*Excerpted records*:
<<<<

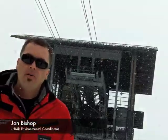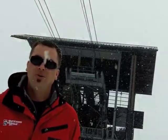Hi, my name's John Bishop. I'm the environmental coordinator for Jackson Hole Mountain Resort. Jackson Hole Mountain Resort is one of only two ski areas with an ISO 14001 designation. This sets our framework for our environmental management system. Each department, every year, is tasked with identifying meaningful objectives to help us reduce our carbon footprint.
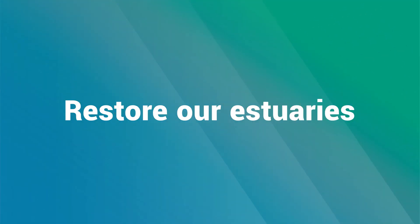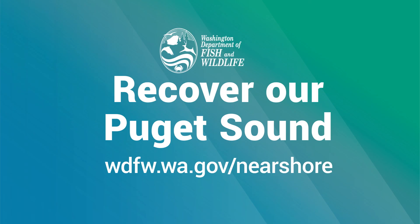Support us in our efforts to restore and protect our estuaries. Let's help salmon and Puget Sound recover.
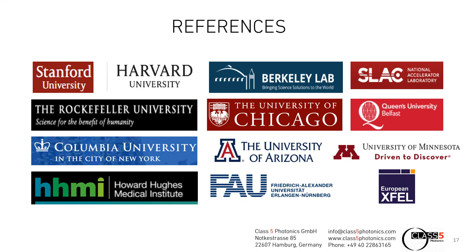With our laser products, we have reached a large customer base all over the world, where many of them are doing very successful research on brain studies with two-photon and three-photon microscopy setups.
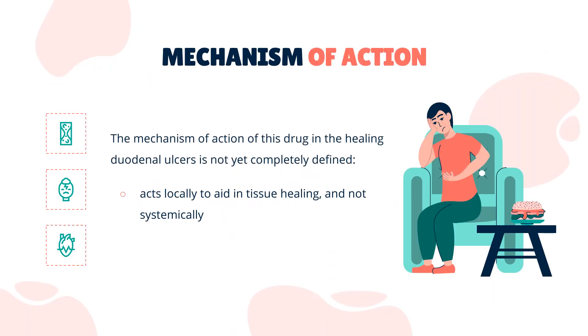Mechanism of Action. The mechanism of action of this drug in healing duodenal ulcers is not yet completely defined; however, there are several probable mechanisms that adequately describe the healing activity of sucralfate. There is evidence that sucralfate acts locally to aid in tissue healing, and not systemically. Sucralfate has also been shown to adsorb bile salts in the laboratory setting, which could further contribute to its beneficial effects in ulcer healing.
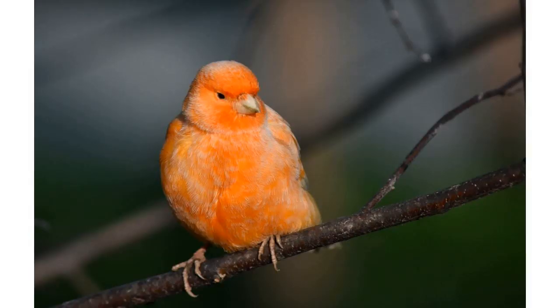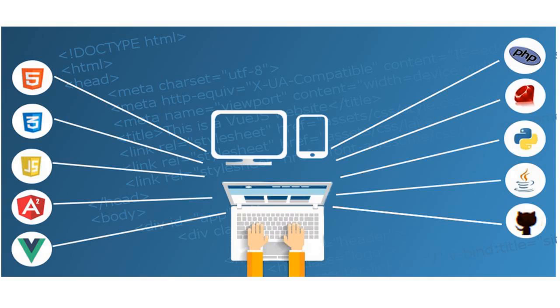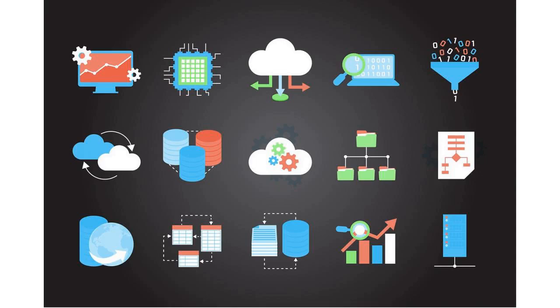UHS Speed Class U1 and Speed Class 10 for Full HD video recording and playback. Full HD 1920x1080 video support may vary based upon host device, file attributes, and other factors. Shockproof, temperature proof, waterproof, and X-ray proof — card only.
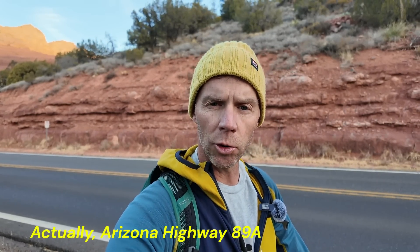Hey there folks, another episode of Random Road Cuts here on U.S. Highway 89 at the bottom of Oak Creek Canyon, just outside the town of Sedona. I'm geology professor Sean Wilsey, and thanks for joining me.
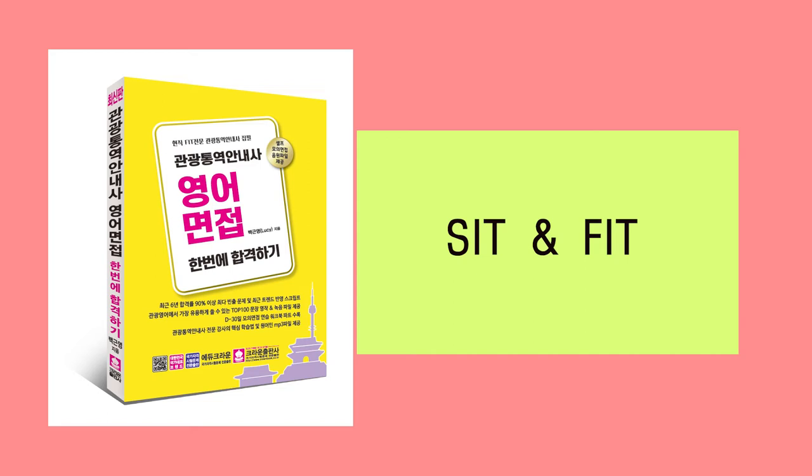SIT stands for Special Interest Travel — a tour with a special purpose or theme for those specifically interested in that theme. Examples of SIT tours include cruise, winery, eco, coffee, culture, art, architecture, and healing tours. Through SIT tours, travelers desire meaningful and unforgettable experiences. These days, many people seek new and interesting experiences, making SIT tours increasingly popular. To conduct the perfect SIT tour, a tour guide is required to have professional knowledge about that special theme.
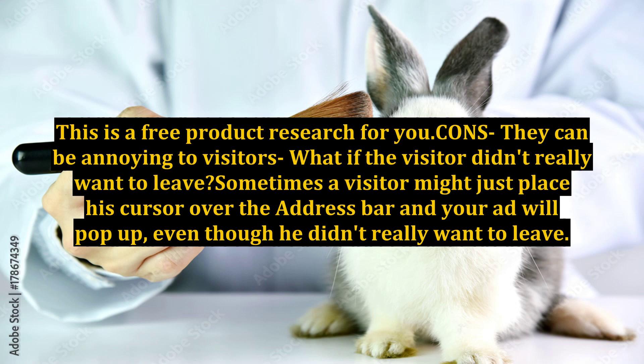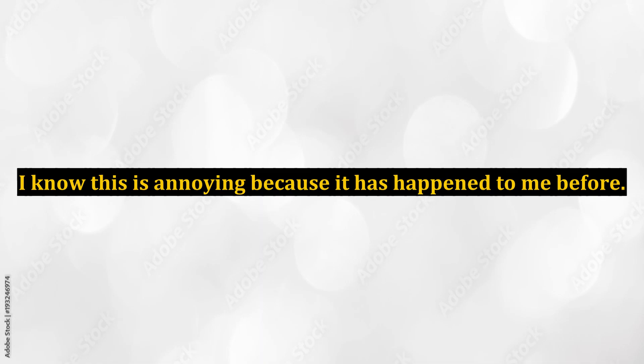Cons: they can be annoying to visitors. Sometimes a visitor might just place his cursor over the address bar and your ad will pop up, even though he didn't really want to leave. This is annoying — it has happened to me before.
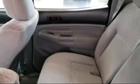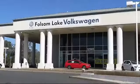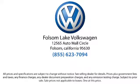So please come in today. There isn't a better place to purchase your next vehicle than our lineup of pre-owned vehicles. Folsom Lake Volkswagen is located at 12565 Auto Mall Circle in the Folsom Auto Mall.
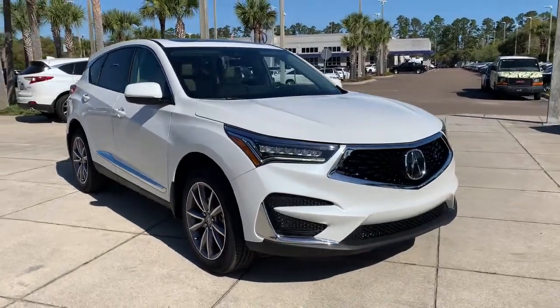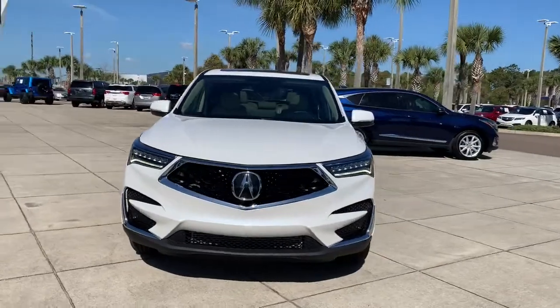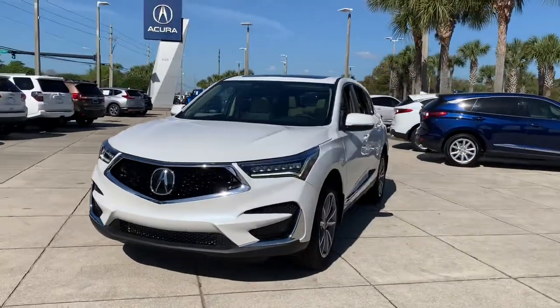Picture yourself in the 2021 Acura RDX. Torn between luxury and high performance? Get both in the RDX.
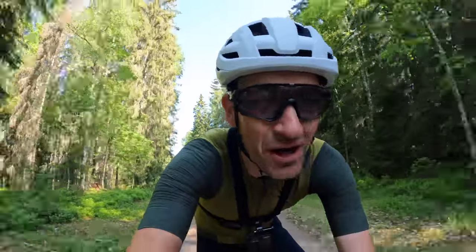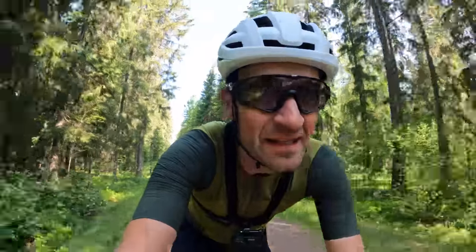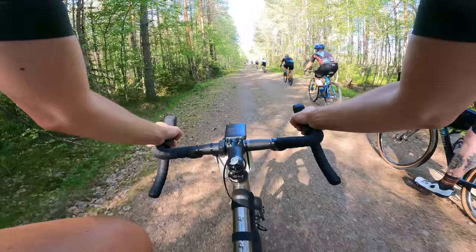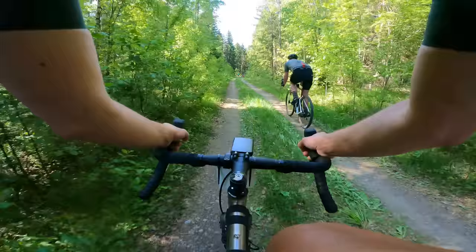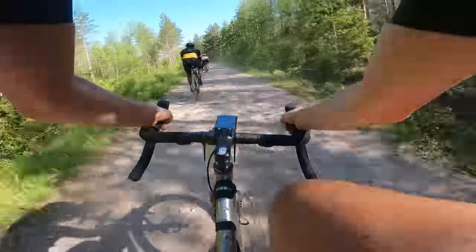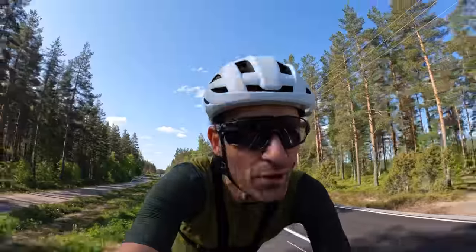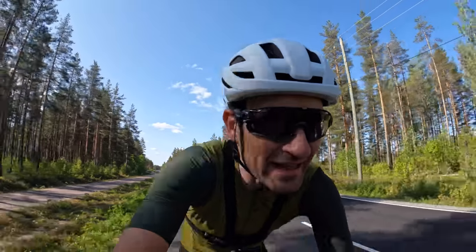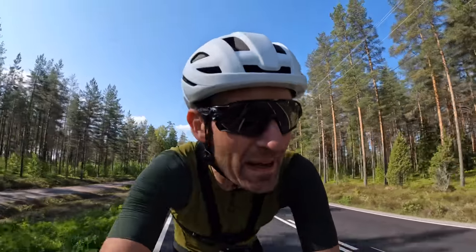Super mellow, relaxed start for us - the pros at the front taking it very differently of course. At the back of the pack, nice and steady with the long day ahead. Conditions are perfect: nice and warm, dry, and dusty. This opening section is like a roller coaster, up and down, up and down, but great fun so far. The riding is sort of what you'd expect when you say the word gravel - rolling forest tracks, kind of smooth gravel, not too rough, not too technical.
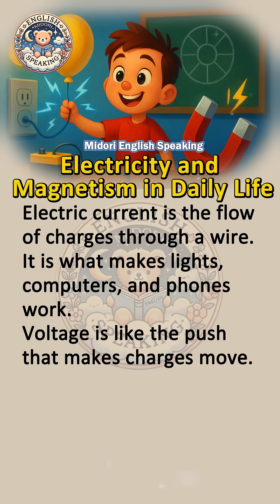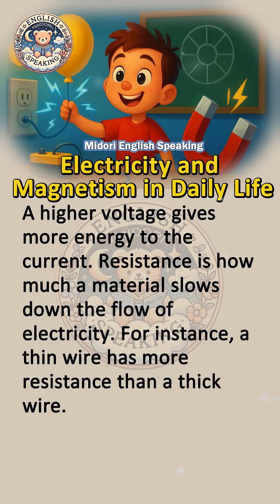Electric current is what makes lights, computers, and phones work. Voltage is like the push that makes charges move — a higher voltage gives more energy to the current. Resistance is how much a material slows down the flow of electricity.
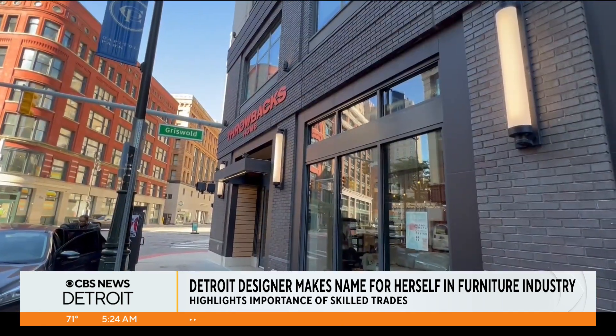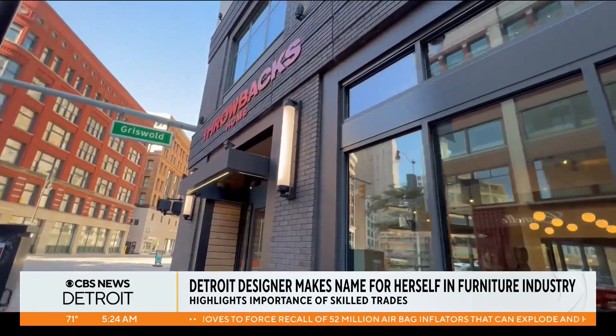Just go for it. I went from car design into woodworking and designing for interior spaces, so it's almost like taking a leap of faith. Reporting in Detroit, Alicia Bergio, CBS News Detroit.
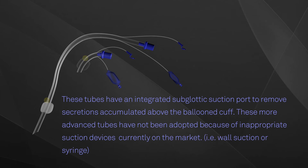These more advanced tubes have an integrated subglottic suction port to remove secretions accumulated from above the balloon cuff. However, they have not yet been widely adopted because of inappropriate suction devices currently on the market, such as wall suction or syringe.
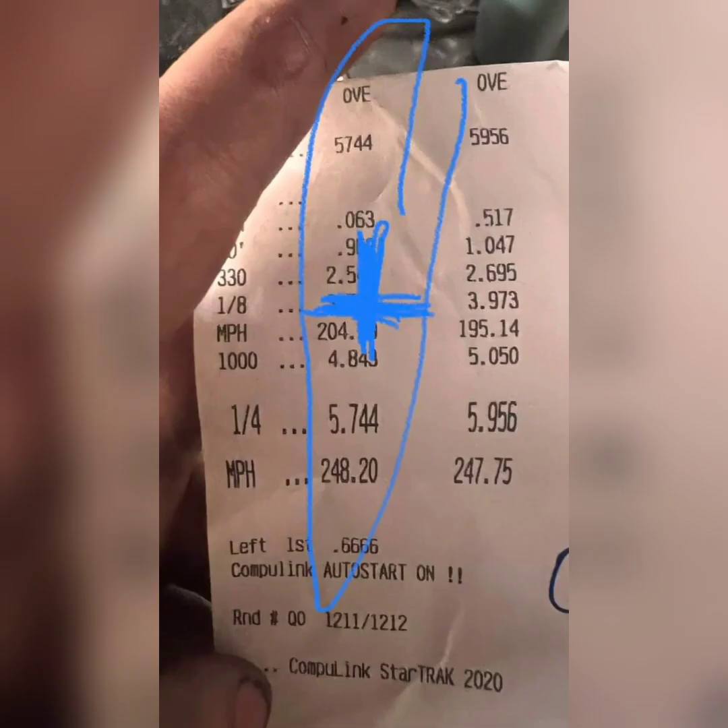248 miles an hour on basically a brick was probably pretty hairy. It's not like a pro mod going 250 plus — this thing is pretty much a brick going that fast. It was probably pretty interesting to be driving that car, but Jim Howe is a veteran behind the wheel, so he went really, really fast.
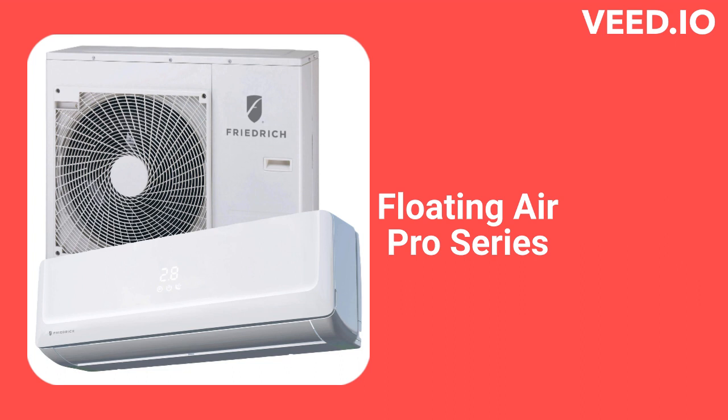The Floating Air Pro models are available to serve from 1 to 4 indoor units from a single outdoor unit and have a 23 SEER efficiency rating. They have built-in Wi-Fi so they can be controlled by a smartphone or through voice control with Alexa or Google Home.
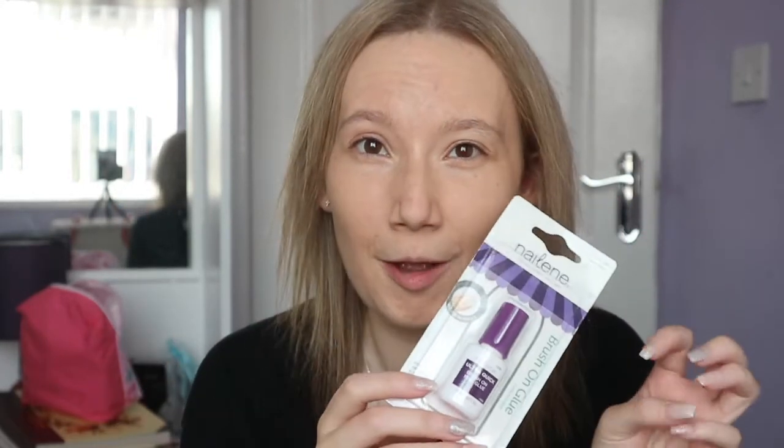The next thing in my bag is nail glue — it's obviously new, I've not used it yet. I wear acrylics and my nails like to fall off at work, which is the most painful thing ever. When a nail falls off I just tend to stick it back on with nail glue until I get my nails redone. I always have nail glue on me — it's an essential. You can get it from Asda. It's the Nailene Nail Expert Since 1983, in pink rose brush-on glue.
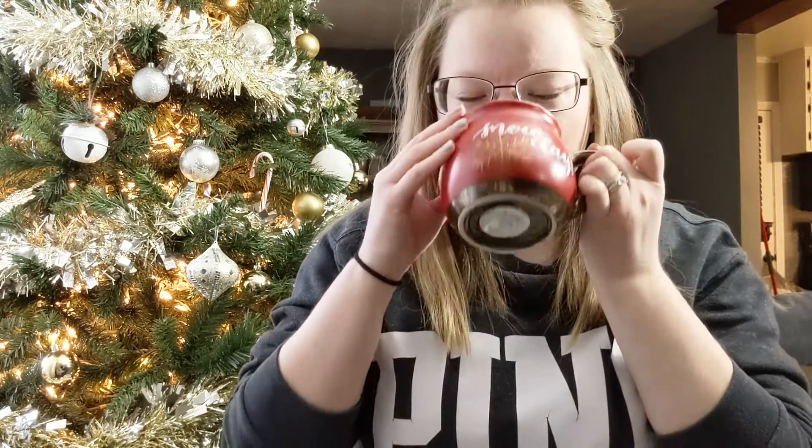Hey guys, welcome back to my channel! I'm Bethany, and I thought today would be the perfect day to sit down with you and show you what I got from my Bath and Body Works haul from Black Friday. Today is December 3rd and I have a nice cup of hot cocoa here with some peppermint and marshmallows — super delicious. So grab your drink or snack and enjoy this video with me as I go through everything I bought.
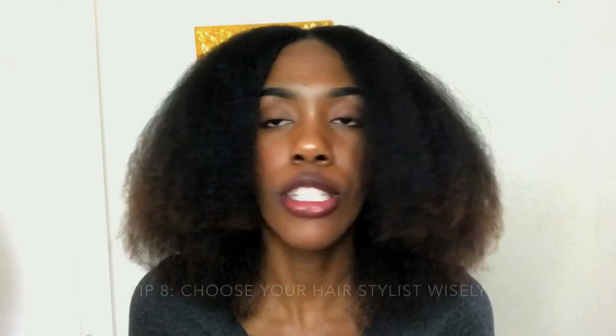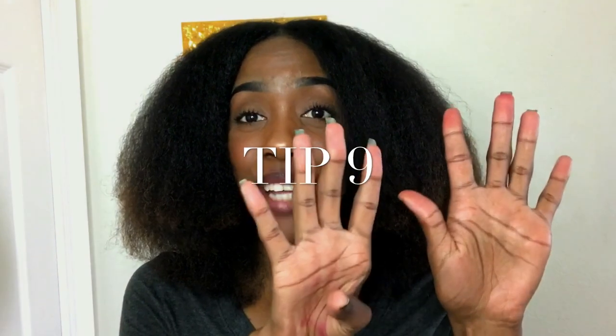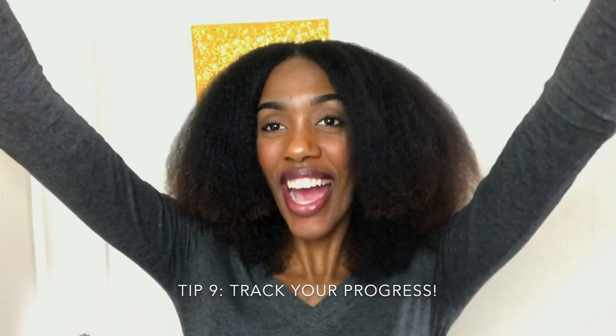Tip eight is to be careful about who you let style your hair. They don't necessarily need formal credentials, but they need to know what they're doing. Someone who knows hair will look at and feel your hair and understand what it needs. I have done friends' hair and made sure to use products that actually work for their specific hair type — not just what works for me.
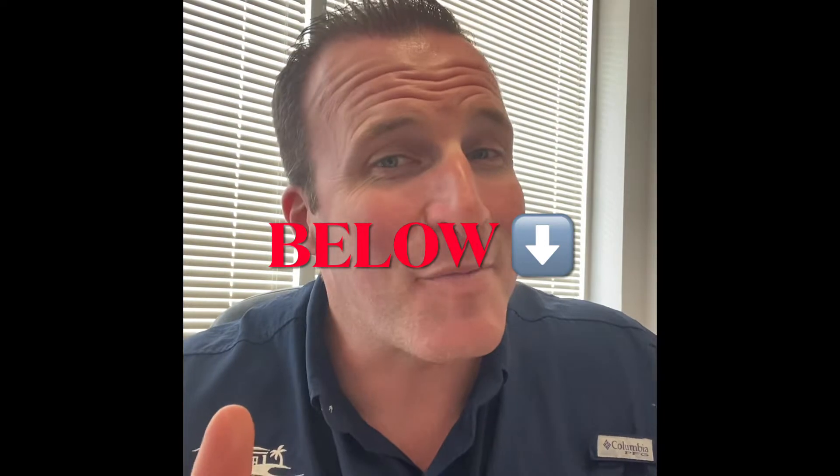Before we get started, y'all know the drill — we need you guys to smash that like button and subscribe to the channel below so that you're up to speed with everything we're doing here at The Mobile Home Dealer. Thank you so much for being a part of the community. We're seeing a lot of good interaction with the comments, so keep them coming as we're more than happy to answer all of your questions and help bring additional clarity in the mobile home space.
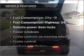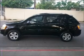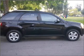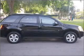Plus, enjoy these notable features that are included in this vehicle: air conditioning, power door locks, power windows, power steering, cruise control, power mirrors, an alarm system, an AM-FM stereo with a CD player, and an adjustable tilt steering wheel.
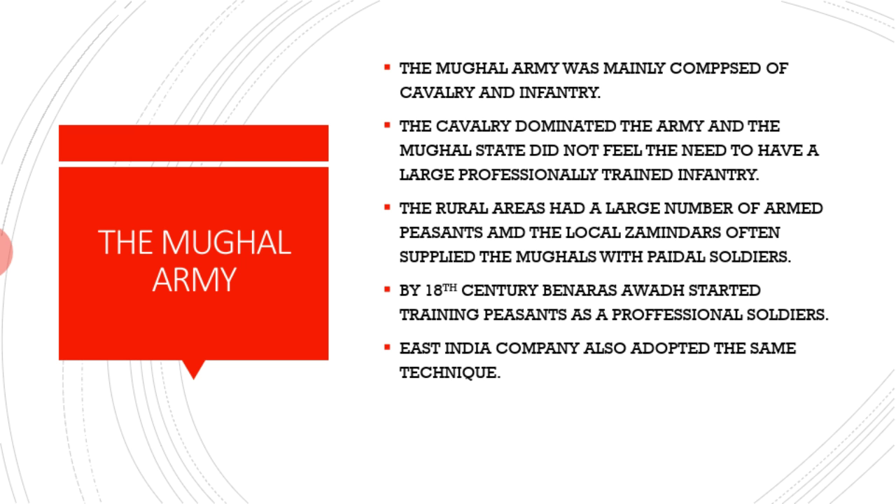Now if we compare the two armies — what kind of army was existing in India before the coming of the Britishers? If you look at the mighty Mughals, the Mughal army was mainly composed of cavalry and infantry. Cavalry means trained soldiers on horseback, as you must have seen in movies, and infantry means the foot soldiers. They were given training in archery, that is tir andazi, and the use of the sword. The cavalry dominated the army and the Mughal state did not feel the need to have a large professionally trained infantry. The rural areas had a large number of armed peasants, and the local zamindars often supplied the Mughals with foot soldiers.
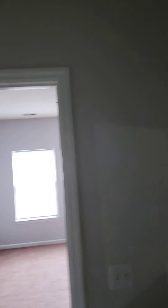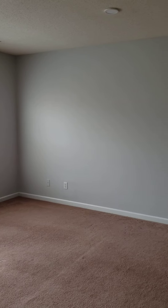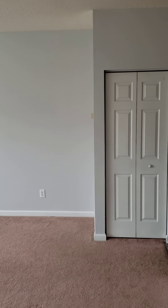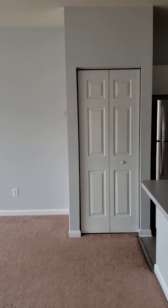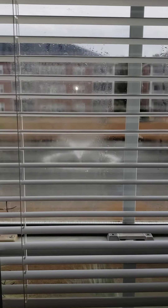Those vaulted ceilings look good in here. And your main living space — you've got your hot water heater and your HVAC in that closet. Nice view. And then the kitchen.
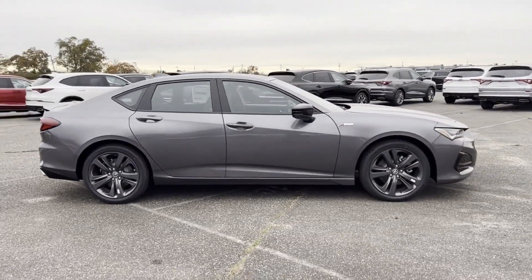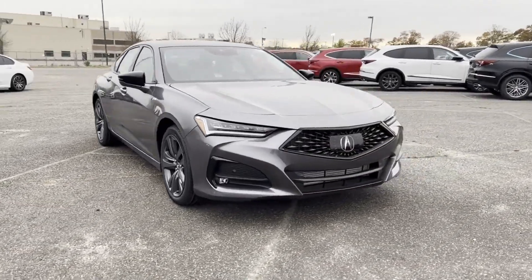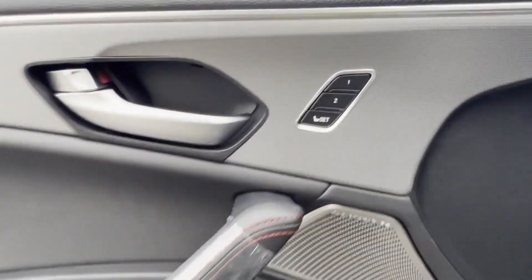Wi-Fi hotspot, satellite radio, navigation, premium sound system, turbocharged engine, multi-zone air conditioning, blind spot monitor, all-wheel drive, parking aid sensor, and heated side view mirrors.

>>>>

Without any pictures, restate word for word only the lines from the one with "Now if we compare" through the end of the listing.

Now if we compare the two armies — what kind of army was existing in India before the coming of the Britishers? If you look at the mighty Mughals, the Mughal army was mainly composed of cavalry and infantry. Cavalry means trained soldiers on horseback, as you must have seen in movies, and infantry means the foot soldiers. They were given training in archery, that is tir andazi, and the use of the sword. The cavalry dominated the army and the Mughal state did not feel the need to have a large professionally trained infantry. The rural areas had a large number of armed peasants, and the local zamindars often supplied the Mughals with foot soldiers.
Those vaulted ceilings look good in here. And your main living space — you've got your hot water heater and your HVAC in that closet. Nice view. And then the kitchen.
Wi-Fi hotspot, satellite radio, navigation, premium sound system, turbocharged engine, multi-zone air conditioning, blind spot monitor, all-wheel drive, parking aid sensor, and heated side view mirrors.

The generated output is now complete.